Just a few hours after the Vanity Fair story hit the internet in July 2015, I saw the first post by a transgender activist trashing Caitlyn for being all the things we as trans people are supposed to hate: white, rich and pretty.
I wonder why we hate that ideal so much? I’m sure it varies, but I think we feel removed from those traits and the people who tend to possess them. As if people who are white, rich and pretty could never understand our trans culture of working day to day and struggling to transition without the aid of unlimited funds with which to transform ourselves.
That may be true, but it doesn’t mean some rich, white, pretty people can’t be a vital source of help for our community.
It also doesn’t mean we’re allowed to tear at and protest fellow community members until they cancel speaking tours that some people, including myself, might have actually gained something from seeing.
To say I was disappointed by the tour’s cancellation — and its catalysts — would not begin capture the sheer rage I felt at the havoc my community has caused.
I know Caitlyn Jenner is not all sunshine and daisies. I see her mistakes, her reluctance to personalize statements, her failures to acknowledge the trans community in all its myriad differences. What I don’t understand is why a person can’t be different, yet still be relevant to our community.
In Caitlyn Jenner’s case, one toe out of line sets us to frothing at the mouth and completely denouncing her.
When I look at her I don’t see all the hype, the judgments, and the mistakes. I see a new trans person struggling to make sense of the world she now finds herself in, and the community she has been thrust into somehow representing.
Yes, she’s had a lot of years on this planet. A lot of years of lying and hiding. Now she’s out and finally herself — and the first thing she does is what she has always done: use the media and her prominence to further her cause.
While people all around call her out as a “publicity whore” and a “selfish bitch,” I see things a little differently. I see an inexperienced trans woman trying to do anything she can to shed light on this struggle we all share, and trying to be as honest as she can be about how she views the world.
No, she hasn’t gotten it all down pat yet. She needs to learn more about her community and the struggles faced by those persons not transitioning in her tax bracket.
But how is she to learn when the community she’s representing blasts her left, right, and centre with no attempt whatsoever at polite education — and then yells about how she’s not listening?
Caitlyn Jenner could be a positive force for our community — and we do need someone to help us demand more mainstream acceptance. Trans people are perishing around the world at astonishing rates while we bicker with each other and hold endless discussions about which words are politically correct.

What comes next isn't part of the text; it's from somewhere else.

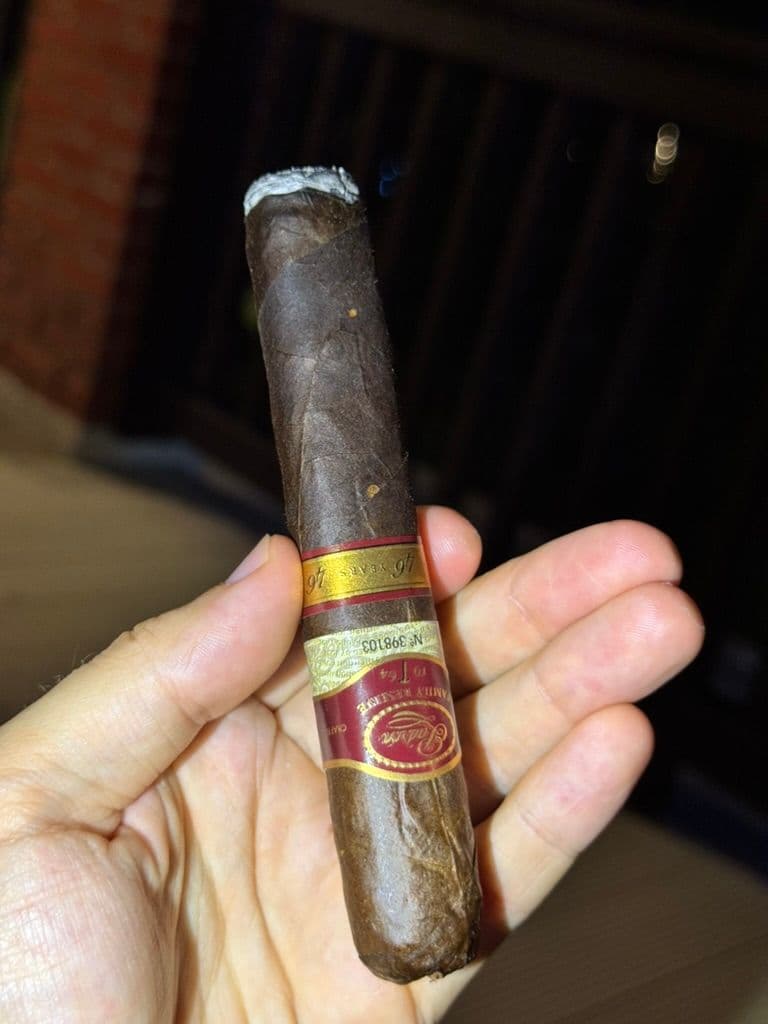 Padrón Family Reserve 46 Years at first light with anniversary and serial bands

Language is important but so are people like Caitlyn, who have enough recognition in mainstream society to truly change the tide of public opinion.

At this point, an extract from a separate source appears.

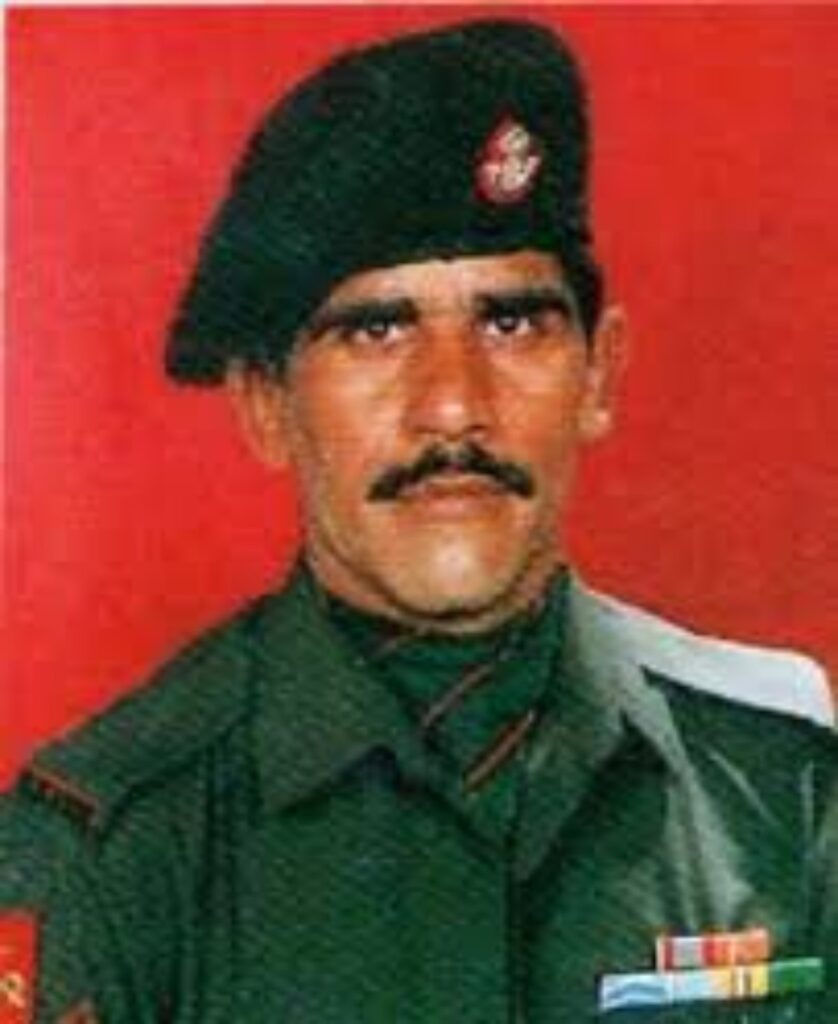 कारगिल की चट्टानों पर चढ़ने वाले सैनिक आग के नीचे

In a recent conversation with Daily Xtra columnist Amy Fox (who’s already writing her response to my column), we both agreed that Caitlyn Jenner seems like a little sibling trying to run the family business. Amy thinks Caitlyn stepped into the public spotlight prematurely and should go take some classes before assuming a leadership role. But I commend Caitlyn for desperately leaping in feet first, after years of minimal progress, to try to set things right — something many of our community’s pioneers have also been willing to do in the last few decades.
Is Caitlyn totally right in her approach? Maybe not, but I think it’s an understandable act of love.